The dishwasher concerned will have a "Calrod" heating element - similar to that used on electric cook-tops.
The insulation inside these "rods" is a type of ceramic material, which can absorb moisture if the seal where the connection is made is not completely air tight. Even a small amount of moisture can provide a "leakage" path to the earthed metal outer casing - which will trip a GFCI.

For this reason, in this country, such heating devices (Stoves, Water Heaters etc.) need not be protected by a RCD or RCBO if they are permanently connected to a dedicated circuit (or via a "non user accessible" socket outlet on a dedicated circuit.)

You said that it was a "lightly used appliance", which makes the ingress of water between uses quite likely. 
I suggest that you run the device via a lead from a non GFCI protected outlet temporarily and see if this "dries out" the fault when it is plugged back into its normal outlet.

If it does not then operate without tripping the GFCI, you could either 
replace the heating element or
run the device on a non GFCI protected (dedicated ?) circuit.

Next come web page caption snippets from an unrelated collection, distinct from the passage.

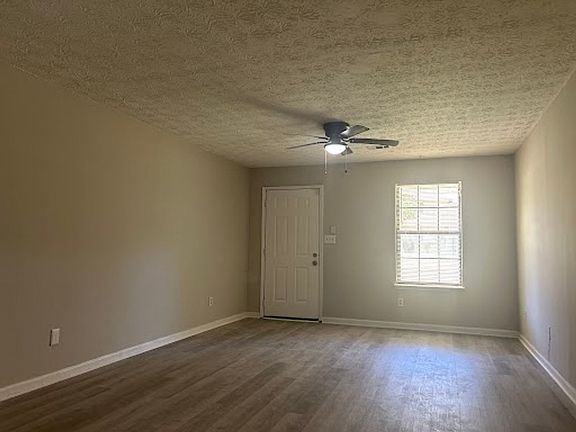 5th image of 8483 Pineland Dr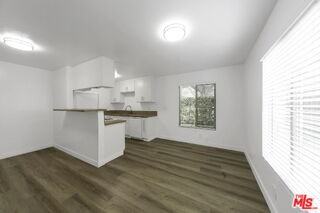 820 Pier Ave #1 - Photo 7 of 8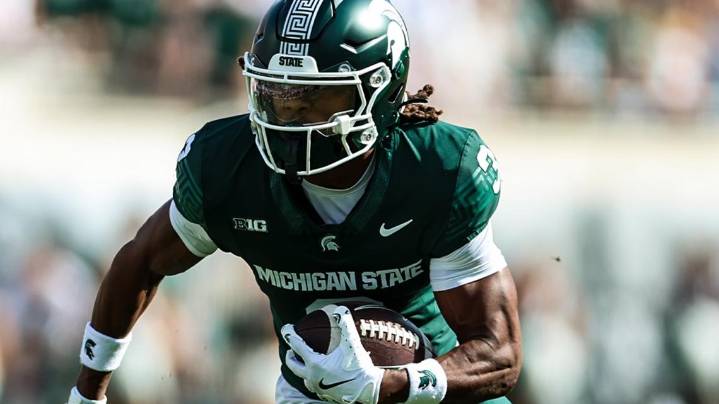 Chiles throws for 270 yards in 41-24 Michigan State win over Youngstown State
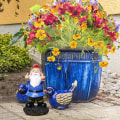 Miniatyrbillede 5 af 5: Sjove havegnomer, farverige havepynt Dobbelt mellemfinger Udendørs fræk gnome figur gave 13,97 cm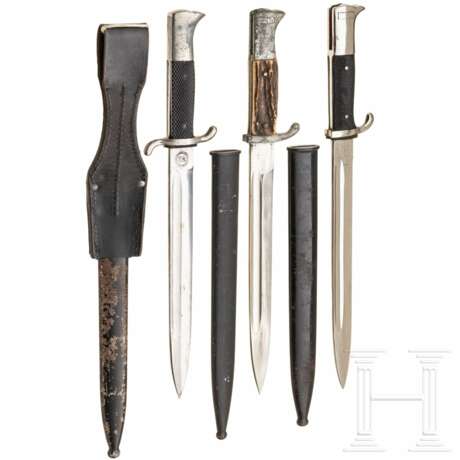 A collection of dress bayonets KS98 - photo 2 A collection of dress bayonets KS98 - photo 2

My choice would be the latter.


----------



## nerocaesar (Sep 24, 2020)

I had a similar instance:
DW on GCFI
Had a leak and fixed it
Moisture still inside
The GCFI kept tripping afterwards
DW worked Fine on non protected circuit

So the question is, will moisture ever really go away unless I open it up and fan it out for days?

and the outlet is under the sink (and dedicated), shouldn't I worry about an unprotected outlet under the sink?

Can anyone suggest a retro fit item to make this cleaner or safer?


----------



## Missouri Bound (Apr 9, 2011)

Mikedks said:


> A couple weeks ago my dishwasher started tripping the GFCI outlet under the sink, using an extension cord, also tripped GFCI outlets next to sink.
> Thank You


I understand your concern about the dishwasher. I suspect a wire is loose enough or frayed to create the ground fault.
On a side note.....dishwashers should be on their own circuit....and need not be a GFCI protected one.


----------



## jhil (Sep 13, 2015)

NEC requires GFCI protection on dishwashers for the last 3 code cycles 210.8 (D)


----------



## Missouri Bound (Apr 9, 2011)

What year was the home built? 
Since 2014 GFCI's ARE required in new construction.
I suspect the home is pre-2014.


----------



## jhil (Sep 13, 2015)

LOL I completely missed the fact this was a zombie thread from 2010


----------



## Missouri Bound (Apr 9, 2011)

Well THAt explains why the OP hasn't responded. :vs_laugh:


----------



## Diy electrician (Sep 14, 2020)

the fact that people kept answering and answering shows how the "best answer" option on the site by the hands of the admin, needs to be a realism. So people that want to chime in just to chime in, wont bump 10 year old posts. If someone got an answer, there is no need to continue and continue and clarify and clarify..


----------